600 workers across the council are facing the sack. Everything from care for the elderly, to local art and culture is being reduced to rubble. A staggering £57mn is being axed from children services alone.
The lights are literally being dimmed, as darkness descends upon the city.
Social care is being gutted to feed annual interest payments of £150mn to the big banks. And £1.25bn of council assets – such as buildings, land, and services – are being pawned off and privatised.
Yet none of the establishment politicians raise the idea of seizing the property of big business or the profiteers in order to pay for the welfare of the many.
Democracy has been suspended. Birmingham is now under the de facto dictatorship of eight government commissioners, handpicked by Michael Gove.
They are here to implement the Tories’ austerity agenda. And they will receive the tidy sum of £1000 per day for their loyal services.
This is a direct assault upon the working class of Birmingham – backed by both Sunak and Starmer, in the interests of the capitalists.
The Labour Party has tried to wash their hands of this affair. But the water of a thousand canals cannot cleanse them.

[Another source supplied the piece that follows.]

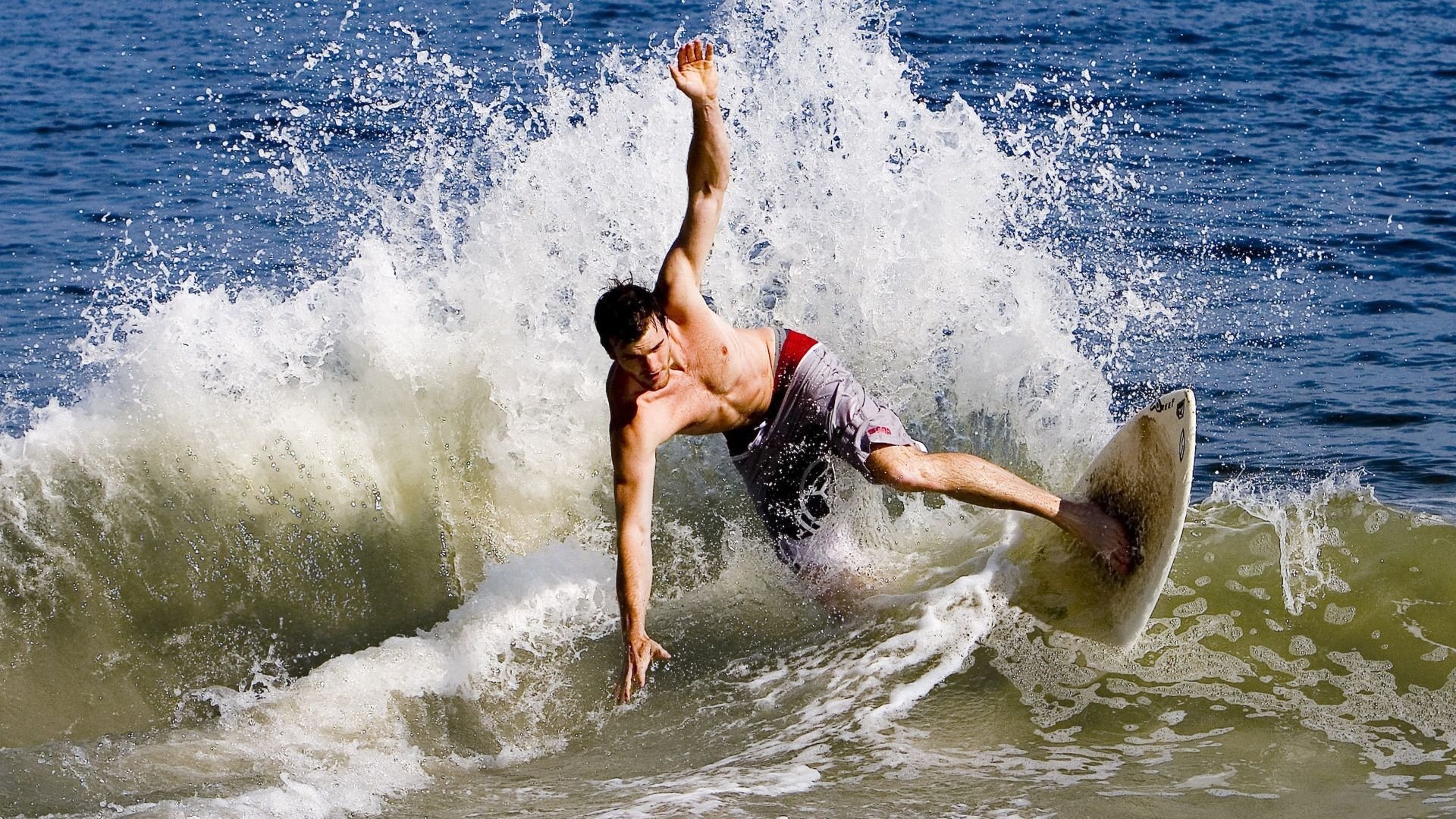 _父母子女争霸:家庭联合竞技挑战赛_,父母参与儿女家庭生活的后果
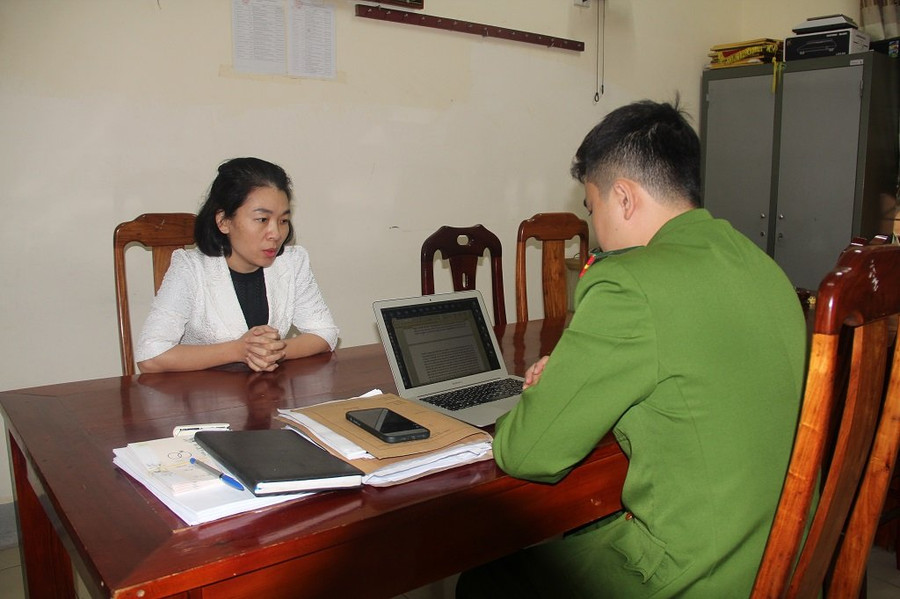 Nguyên cán bộ địa chính xã Diễn Trường bị bắt . Ảnh: B.N.A. Nguyên cán bộ địa chính xã Diễn Trường bị bắt . Ảnh: B.N.A.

Councillors bemoan the dire state of the budget and shed crocodile tears for the city. Yet they vote the cuts through regardless, doing nothing to organise a fight back. Keir Starmer, meanwhile, has not said a word.
The trade unions are beginning to organise. 400 workers protested outside the council debate on Tuesday. But without a fighting programme or strategy, one that matches the scale of the crisis, the capitalist criminals will get away with the social murder they are about to commit.
The question is, what is to be done?
We say: Enough is enough! The wealth is there, sitting in the hands of the billionaires and bankers. It’s time to seize it.
We need militant action. Occupying buildings; blockading streets; and unleashing the power of striking workers. Such tactics would resonate across the city, and across the entire country, showing that these cuts are not inevitable; that a militant struggle of resistance is possible.
Such action could lay the basis for a city-wide general strike, in order to send the commissioners packing, and to implement a bold socialist programme that makes the bosses pay.
Let defiance echo throughout the streets of Birmingham! The city of a thousand trades must become the city of a thousand struggles.